Mais il ne répéta pas ce mot, car il venait de comprendre que sa formule abrégée avait perdu sa vertu magique et que Mahomet était mécontent. Il se souvint de la phrase complète et, avec véhé̃mence, s’écria :

— Envoie vers moi ceux qui ont faim !

Aussitôt, dans un bruissement d’ailes, une ombre immense glissa sur sa tête : le quartier de mouton dans les serres un épervier remontait vers le ciel. Le plateau roula sur le sol, les boulettes s’écrasèrent dans la boue. Goha ne se troubla pas et ce fut d’une voix douce qu’il fit remarquer au Prophète sa méprise :

— Tu t’es trompé, Nabi, je te demandais un client.

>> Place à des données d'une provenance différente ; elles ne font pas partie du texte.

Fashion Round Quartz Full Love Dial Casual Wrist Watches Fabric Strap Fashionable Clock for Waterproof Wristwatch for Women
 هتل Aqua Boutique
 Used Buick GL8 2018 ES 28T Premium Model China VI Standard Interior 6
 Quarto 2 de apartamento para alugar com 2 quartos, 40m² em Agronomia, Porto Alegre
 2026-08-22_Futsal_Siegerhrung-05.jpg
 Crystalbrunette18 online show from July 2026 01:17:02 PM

— De quoi te plains-tu ? Tu demandais un client, il t’est venu du ciel, dit le vendeur de friture avec un gros éclat de rire.

Puis ce fut le tour du porteur d’eau :

— Tu demandais ceux qui ont faim, l’épervier avait faim.

Goha au milieu du désastre les remerciait de tant de sollicitude et le porteur d’eau, pour marquer l’étrangeté de sa pensée, fit claquer ses mains :

— Allah lui-même s’est moqué de Goha ! s’exclama-t-il.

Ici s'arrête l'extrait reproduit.